Noting Iris Murdoch quoting Wittgenstein and friends
I don’t really review books, but mine them for profit.
Iris Murdoch’s Metaphysics as a Guide to Morals. (London: Chatto & Windus, 1992. ISBN 9780701139988 (article).
Introduction
In mathematics classes they often want you to show your working. I once did a exam as part of a job interview for a Coles or Woolworths supermarket, here in Hobart, Tasmania. There was an arithmetic section and they left and labelled a space for “working out”. The arithmetic was so simply I did not use it. I also had to wait a while until everyone finished. I didn’t get the job. I was long term unemployed at the time (years not months). I consider my mathematics skills to be below average.
So below this introduction is my working out about ‘moral philosophy’.

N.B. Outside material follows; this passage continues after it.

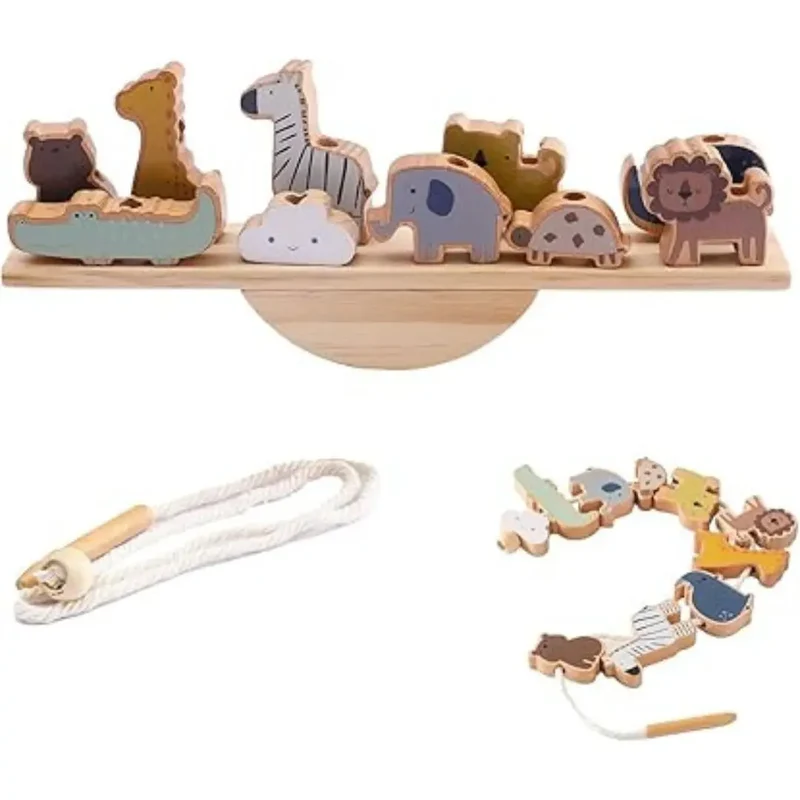 Jouet en Bois Bébé Équilibre Animaux – BalanceZoo™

It took me the same time period, or epoche, in weeks, to read the first 50 pages, as the last 450 pages or so of Iris Murdoch’s book. However as I read at the same speed, generally, this means in the second epoche, my reading is less interrupted by my thoughts, and note taking. I.E. by my process in interrogating and integrating what I am reading and what I am “writing about” it, in my head as I read. I write down only some of that ‘thought’ in a notebook. One reason I have bad handwriting¹ is because I cannot keep up with my thoughts, typing directly only helps somewhat. I’ve gone back to notebooks because I used the time waiting for children at after-school activities (circus, gymnastics, fiddle etc) to read and write. Having children is so good in so many ways.
Two previous posts cover those two epochs. While a third post used LLMs in order ‘to griefbot’ Iris Murdoch and Ursula leGuin to chat to each other. This is an example of thought/ideas I have but usually never capture at all —what if Iris & Ursula met? — did they meet? Sometimes these ideas pop over into my image generation (via prompt to AI imaging) otherwise unannounced in my posts.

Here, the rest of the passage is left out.